Possible settings for quarantine include hotels, dormitories, other facilities catering to groups, or the contact's home. Regardless of the setting, an assessment must ensure that the appropriate conditions for safe and effective quarantine are being met.
When home quarantine is chosen, the person should occupy a well-ventilated single room, or if a single room is not available, maintain a distance of at least 1 metre from other household members, minimize the use of shared spaces and cutlery, and ensure that shared spaces (such as the kitchen and bathroom) are well ventilated.
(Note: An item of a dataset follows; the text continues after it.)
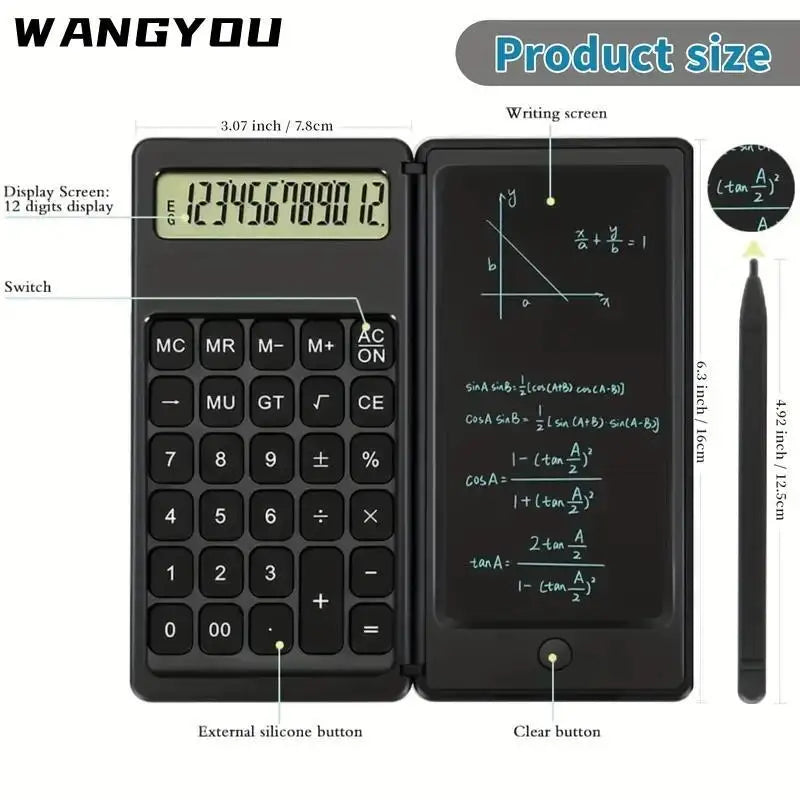 Foldable Writing Tablet Pad With Calculator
Minimum infection prevention and control measures.
The following IPC measures should be used to ensure a safe environment for quarantined persons.
1. Early recognition and control
• Any person in quarantine who develops febrile illness or respiratory symptoms at any point during the quarantine period should be treated and managed as a suspected case of COVID-19.
• Standard precautions apply to all persons who are quarantined and to quarantine personnel:
- Perform hand hygiene frequently, particularly after contact with respiratory secretions, before eating, and after using the toilet. Hand hygiene includes either cleaning hands with soap and water or with an alcohol-based hand rub. Alcohol-based hand rubs are preferred if hands are not visibly dirty; hands should be washed with soap and water when they are visibly dirty.
- Ensure that all persons in quarantine are practicing respiratory hygiene and are aware of the importance of covering their nose and mouth with a bent elbow or paper tissue when coughing or sneezing and then immediately disposing of the tissue in a wastebasket with a lid and then performing hand hygiene.
- Refrain from touching the eyes, nose and mouth.
• A medical mask is not required for persons with no symptoms. There is no evidence that wearing a mask of any type protects people who are not sick.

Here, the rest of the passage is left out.